壮麗な王墓。黄金のマスク。神々を称える碑文。
そこに刻まれているのは「勝利」「繁栄」「神の加護」――
要するに、“都合よく編集された過去”だ。
では、編集される前の人間の姿は、どこにあるのか。
答えは意外な場所にあった。
エジプトの砂漠に埋もれた、ゴミ捨て場の中に。
「歴史の空白地帯」に隠れていたもの
ナイル川の西岸、カイロから南に約160キロ。
砂漠の乾いた風が吹き抜けるその場所に、かつて一つの都市が栄えていた。
オクシュリュンコス(Oxyrhynchus)。
ギリシャ語で「鋭い鼻を持つ魚」を意味するこの名は、その地で信仰された聖なる魚に由来する。紀元前後のギリシャ・ローマ支配時代、この都市はエジプト中部の行政拠点として機能し、数万人の住民が暮らしていた。
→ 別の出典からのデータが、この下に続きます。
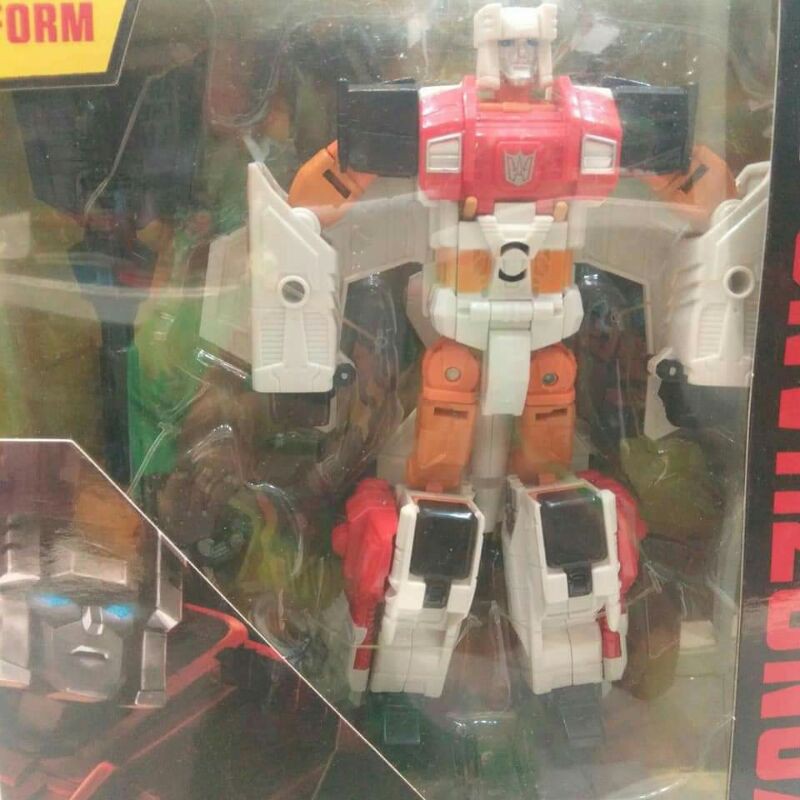 Mainan deformation figureTransformers Silverbolt Coolbecomebrave box
Taikongzhan kubian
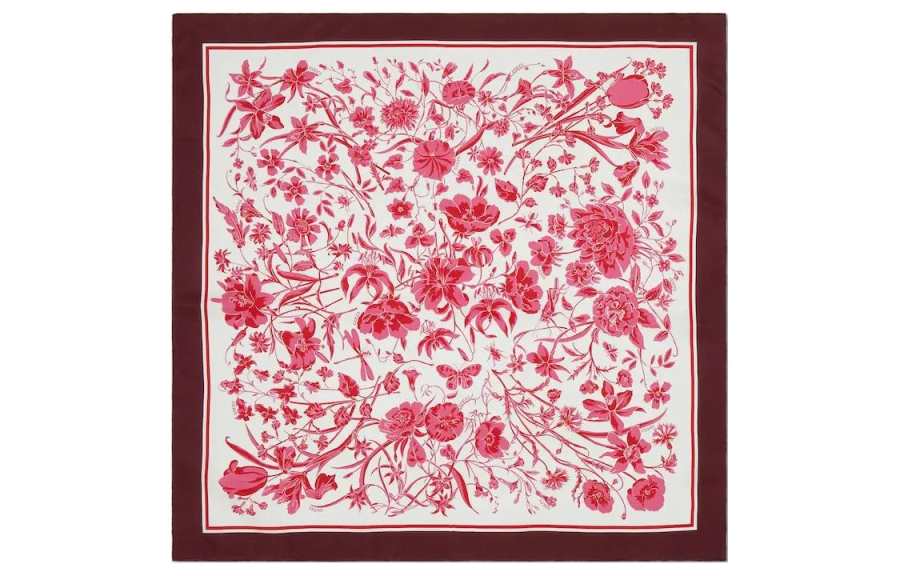 GUCCI GUCCI Floral print Silk Scarf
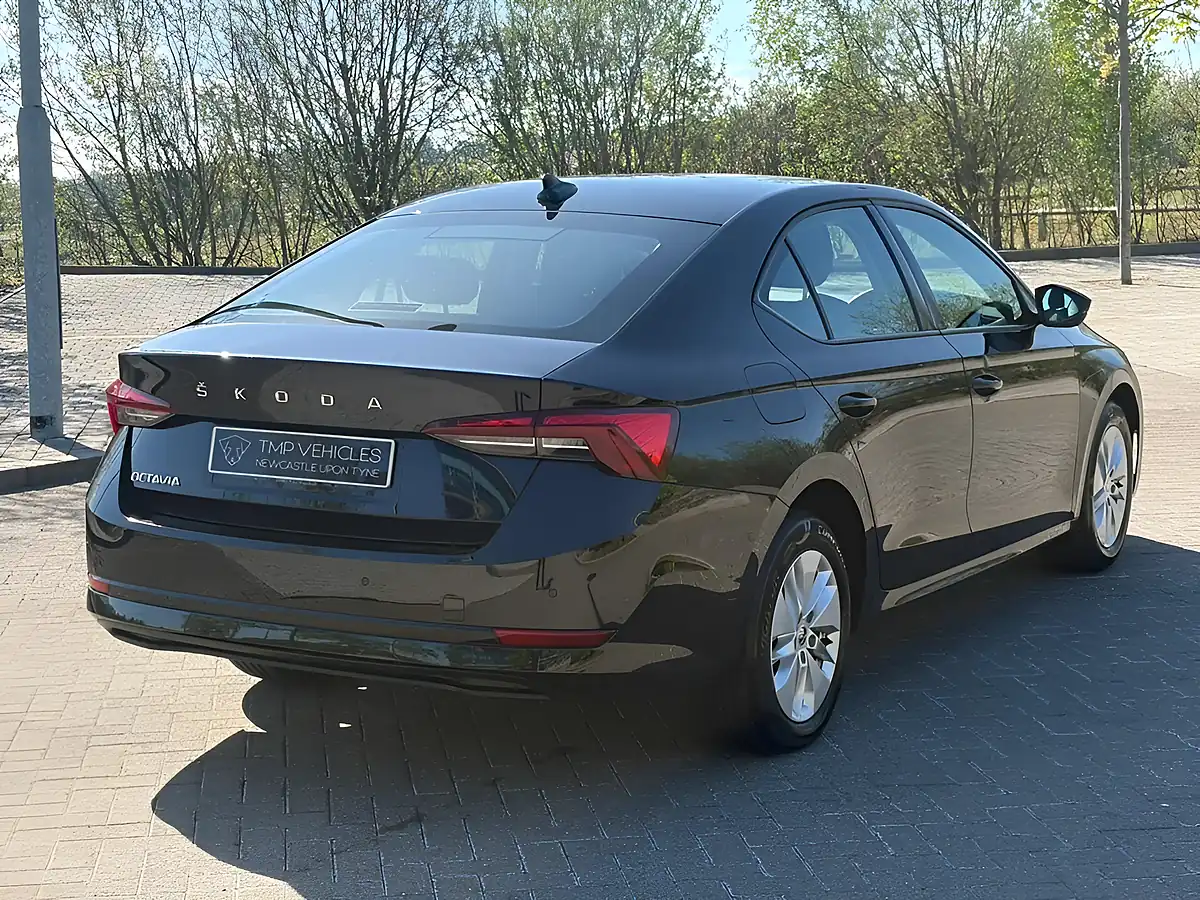 Used 2022 Skoda Octavia Black - Interior and Exterior details 6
しかし、この都市が歴史に名を刻んだのは、その繁栄のためではない。
都市の外れに積み上げられた、膨大なゴミの山のためだ。

なぜ”ゴミ”が2000年後まで残ったのか
1896年、イギリス人考古学者バーナード・グレンフェルとアーサー・ハントは、この地で奇妙な光景に遭遇した。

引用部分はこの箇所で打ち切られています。